On Embracing A Less Glamorous Look

“When you’ve got four people to get dressed to get out the door you don’t really spend a lot of time on yourself. But that’s the way I roll anyway. I was never one to do my hair and make-up just to go to the market, so it’s not that much different. If I get a little eye cream on, I feel I’m ahead of myself.”

On Parenting Teens Today

“It’s different than when I might have said to my mom, ‘Mom, you don’t know what it’s like to be a teenager today,’ even though she probably did. Danny and I really don’t know what it’s like to be a teenager today. Sometimes my kids ask me things and I just say to them, ‘I’m going to say no, and I’m going to look into it because I don’t even know what we’re talking about.’”

On Domestic Life

“There are some days when as soon as you’ve finished cooking breakfast and cleaning up the kitchen it’s time to start lunch and by the time you’ve done that you’re doing dinner and thinking there has to be a menu we can order from. But then there are some days when it’s just so creative and so much fun and my kids will help me and, as with anybody who’s a mom or a wife, it just become a part of your day. Some days it’s super-fun and some days it’s a chore.”

On Working Motherhood

“I guess it’s also that illusion of mastery because I can have a great Monday and a really crappy Tuesday. It’s not a static thing: ‘Oh, I’ve got this. I’ve mastered this mothering thing.’ That doesn’t exist, and so everybody needs to make sure that they understand that going into it. I think, as women, we fall into this place where we feel like it’s our responsibility to give everything, give and give and give. There’s nothing wrong with saying to your spouse or to your child or to your friend, ‘Can I get a hand? I need somebody else in here helping me do this because I can’t do it by myself. Or I don’t want to do it by myself!’”

On Back-To-School Season

“It’s so fun! I always loved back-to-school shopping, and I realize that I still love it. But what we really love to shop for is all the stuff ― the binders, the pencils, the pencil case, the lunch box.”

On Playing A Mom

“Lucas Hedges, who plays my son, came and stayed with us for a while, got to know Danny and the kids really well all before we started shooting. I felt that it was important for my kids to know who I was going off with, pretending to be their mother. My son Henry had said to me, ‘Mom, why in movies when you play somebody’s mom, why is it always a boy?’ And I said, ‘Wow, I don’t know. You know what? We’re going to have Lucas come over and you guys are going to meet him.’ So Lucas came over, as did beautiful Kathryn Newton, who plays my older daughter. I would just send them down to the beach with my kids. ‘Go for a swim, and I’ll see you guys in an hour and I’ll have lunch ready.’”

On Her Twins

“They’re very different. I don’t think of them as similar at all, just kind of the same height. And a very close birthday.”
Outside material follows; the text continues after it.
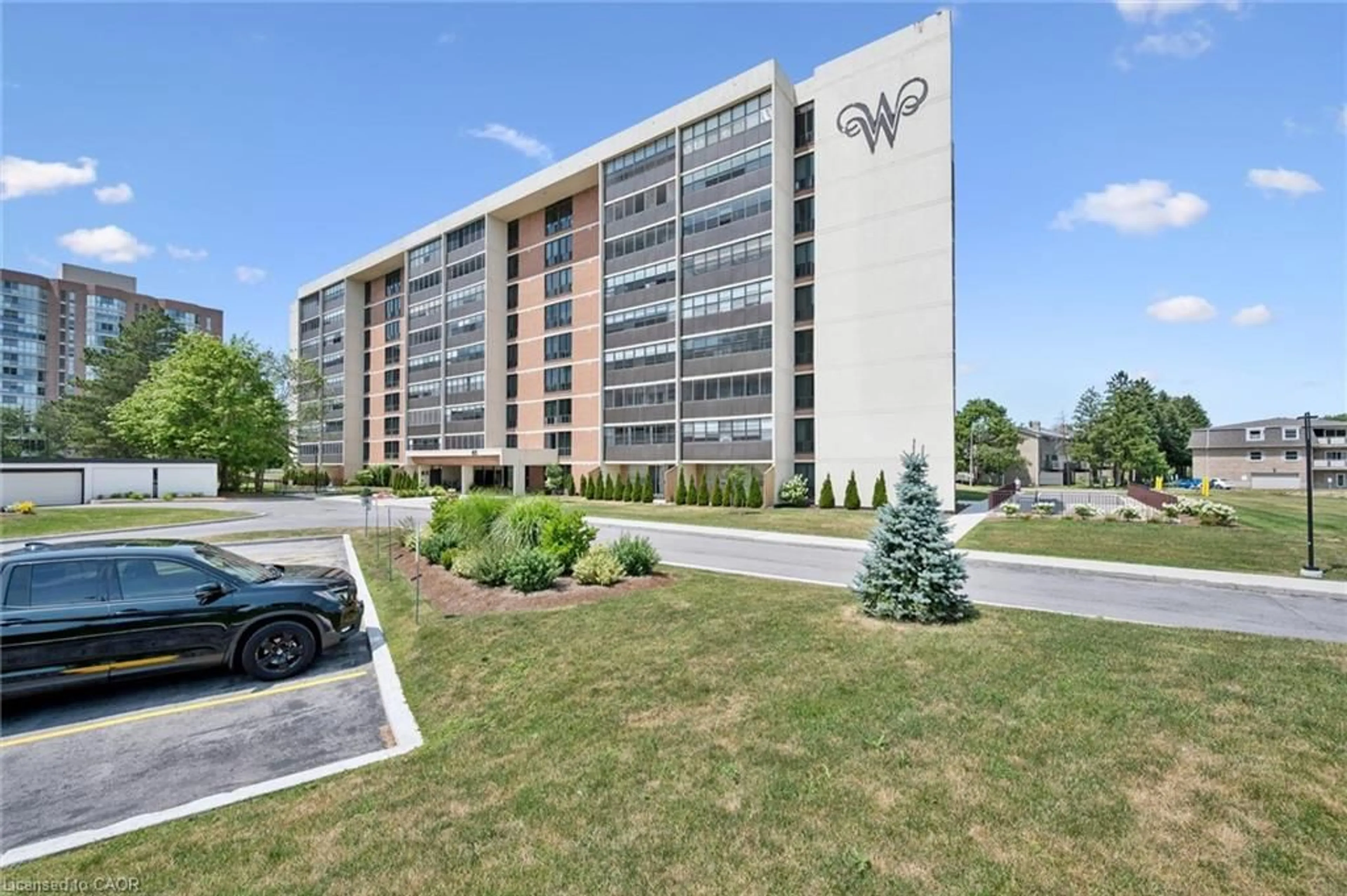Patio, building for 65 Westmount Rd #304, Waterloo Ontario N2L 5G6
On How Her Daughter Inspired Her Political Activism

“When Donald Trump was elected, my daughter, Hazel, came down and the TV was on, and it said on the crawl at the bottom, Trump wins, and she kind of gasped because of course we all had this collective hope that something else was going to happen. And what I saw in that exact moment was the complete need for me as a parent to find a way to make her feel that she could still have a voice. That’s why we went to the first Women’s March in Washington ― I wanted her to feel like she still had a place in the world, that she could still believe in what she believed in, even though someone else was now president. It was very powerful for me to have her in a way be my leader into this space of marching and participating in being a citizen of this country.”

On Happiness

“I have incredible reinforcement from my family. My kids are very loving. I think they get that from their dad ― to speak their love out loud.”

On Acting As A Mom

“I never really did years of movie-after-movie-after-movie but when you’ve got three toddlers in the house you’re performing all day long, anyway, with puppet shows and stories ― I act around the clock.”